In material set theory, there is an intuitive conception of what a set is, which may be stated informally as follows: a set is a collection of sets. Actually, it is possible to have urelements in a material set theory (such as ZFA), although the most common axiom systems do not allow this; in any case we can say that a pure set is a collection of pure sets.
The primary motivation for structural set theory is that this conception of a set is not needed in ordinary mathematics; it is sufficient to characterise the category of sets (although a structural set theory can also be described in ways other than category-theoretic). However, material set theory is itself part of mathematics, and we may want to describe the material notion of a pure set in structural terms.
There is also a very practical point to this exercise: the translation between material and structural set theories. Any model of a material set theory is already a model of a corresponding structural set theory, but we go through the yoga below to construct a model of a material set theory out of a model of a structural set theory. In particular, we must do this to prove that two set theories (one material and one structural) are equiconsistent.
Taking a structural notion of set as granted, we wish to define a pure set to be a set of pure sets. On the face of it, this is a circular definition, but like many such definitions, it can be made precise in (at least) two ways: recursively and corecursively.
The ‘recursive’ meaning is that all pure sets must be constructed, starting from nothing, as sets of other previously constructed pure sets. This results in the well-founded pure sets. Thus, at first, the only well-founded set possible is the empty set $\empty = \{ \}$, the set of no pure sets. Once you have that, you can form $\star = \{\empty\}$, then $\{\star\}$ and $\{\empty,\star\}$, and so on. In this way we can obtain at least all hereditarily finite sets; if we use an axiom of infinity as well, we can jump to the countably infinite set of all hereditarily finite sets and continue from there.
The ‘corecursive’ meaning is that any pure set can be deconstructed into a set of other pure sets, and every possible such deconstruction defines a unique pure set. In this way we obtain not just well-founded pure sets but also ill-founded pure sets. (The inclusion of well-founded sets among the ill-founded sets is an example of the red herring principle.) Possible examples of non-well-founded sets include a set $\bullet$ such that $\bullet = \{\bullet\}$ (a suggestive model for the point), or sets $A$ and $B$ such that $A = \{B\}$ and $B = \{\empty, A\}$.
In addition, the meaning of this definition changes according to whether our set-theoretic foundation is material or structural.
If the foundation is ‘material’ or ‘membership-based,’ such as ZFC, then the elements of a set can, in fact, be other sets. Therefore, in this case we are defining (either recursively or corecursively) an adjective “pure” that can be applied to the noun “set:” a set is pure if at no point in its construction or deconstruction into elements do we encounter anything that is not a pure set.
In the most common material set theories, such as ZFC, all sets are pure, since the only ‘things’ the theory deals with (hence the only things that can be elements of sets) are sets.
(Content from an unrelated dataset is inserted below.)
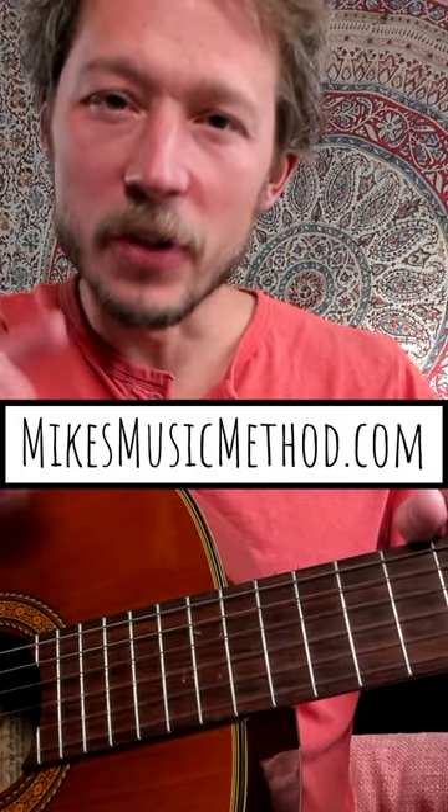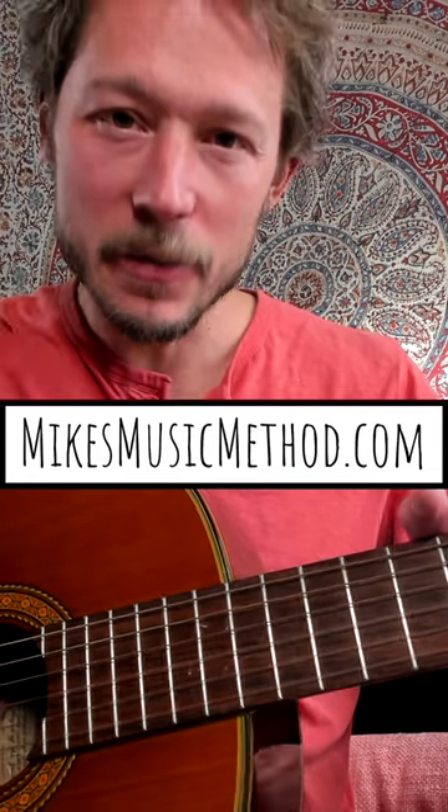For a free download of the chord chart, the strum pattern, and the lyrics, visit mikesmusicmethod.com.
However, there are easy modifications of these theories that allow ‘atoms’ or urelements that are not sets, and in this case the pure sets will be those that ‘hereditarily’ contain no atoms. Many common material set theories (starting with von Neumann 1925, Zermelo 1930) also include an axiom of foundation asserting that all (pure) sets are well-founded; the dual axiom of anti-foundation (due to Aczel) allows and ‘tames’ the ill-founded sets.
If the foundation is ‘structural’ or ‘categorial’, such as ETCS or SEAR, then the elements of a set cannot be other sets. Thus, in this case we are defining a single noun “pure set,” with no a priori relation to the structural notion of “set” that occurs in the foundational theory. A pure set, according to this definition, is a set equipped with structure assigning to each of its elements another pure set (interpreted either recursively or corecursively).
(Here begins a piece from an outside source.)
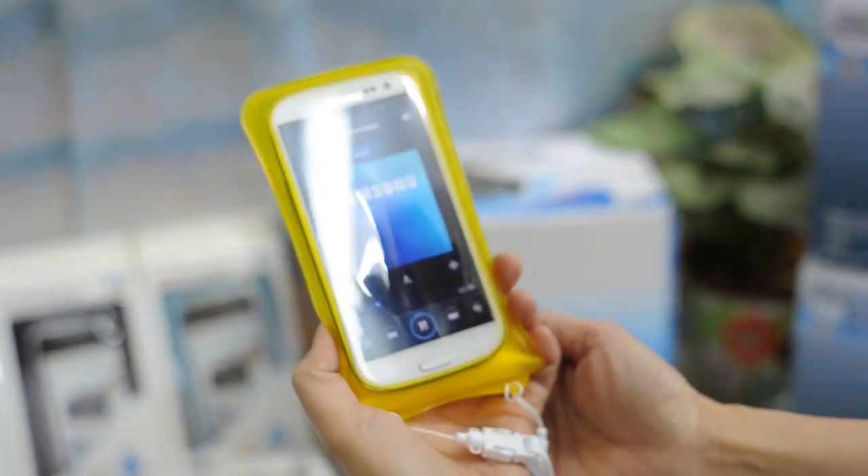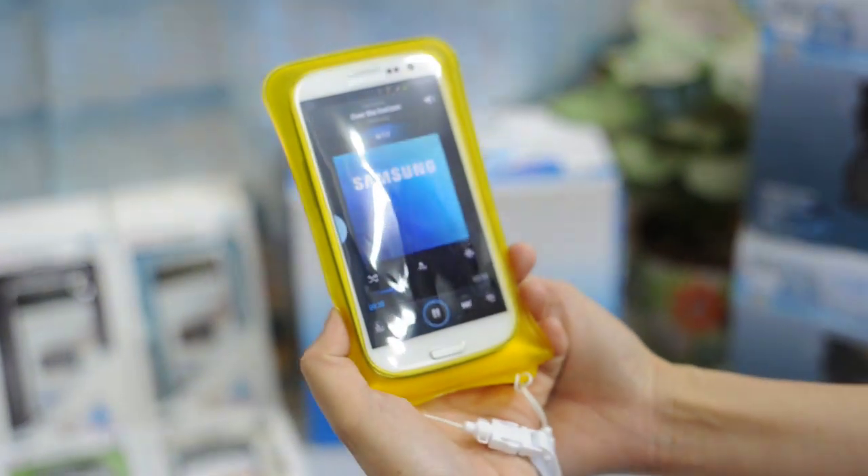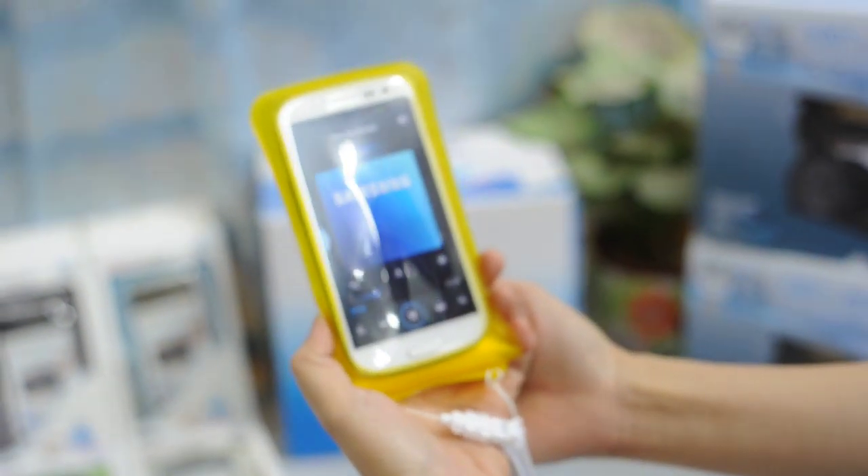You can use DikaPak to answer phone calls without having to take out your mobile phone from the DikaPak. Thank you very much — we hope you like this little demonstration from us.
From this point of view, the definition of pure set provides a construction of a model of material set theory within a model of structural set theory: a global relation of $\in$ can be defined between pure sets which will satisfy the axioms of some material set theory. (Of course, the sets in a model of material set theory always model a structural set theory, so this is the ‘difficult’ direction of the equivalence between the two types of set theory.) Whether we use the recursive or corecursive definition determines whether the resulting material set theory will satisfy the axiom of foundation or the axiom of anti-foundation. Note that using these two choices, the composite operation “material $\to$ structural $\to$ material” reduces to the standard proofs of the relative consistency of the axioms of foundation and anti-foundation, since the passage from material to structural requires neither one.
In material set theory without urelements, every set is a pure set. If there are urelements, so that not all sets are pure, then it is easy to define the class of pure sets as follows:
A set $x$ is pure if given any sequence $x_n \in x_{n-1} \in \dots \in x_1 \in x_0 = x$, all of the $x_i$ are sets.
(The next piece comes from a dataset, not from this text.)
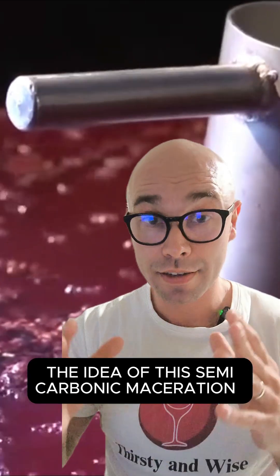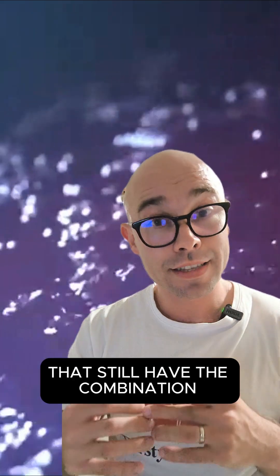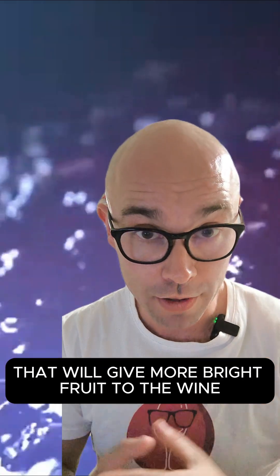The idea of semi-carbonic maceration is to create more structured wines that still have the combination of intercellular carbonic maceration, which will give more bright fruit to the wine.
Whether this produces the well-founded pure sets or the ill-founded ones depends on whether the axiom of foundation is satisfied in the ambient set theory.
In a structural set theory like ETCS or SEAR, we can model a pure set by a graph describing its hereditary membership relation.
One way to state the basic theoretical idea is that the class of well-founded sets is the initial algebra of the covariant power set functor, while the class of ill-founded sets is the terminal coalgebra of the same functor. Of course, neither of these algebras exists as a set, since this would violate Cantor's theorem, but we can still describe what their elements would be like. We can also define these algebras as discrete large categories, or as proper classes in a structural set-class theory such as algebraic set theory.
The discussion which follows is phrased informally, like most mathematics. However, it is purely structural and can be interpreted in any structural set theory. For instance, the definition below of a “graph” as a set with a binary relation should be formalized as a set $G$ together with an injection $R \hookrightarrow N\times N$.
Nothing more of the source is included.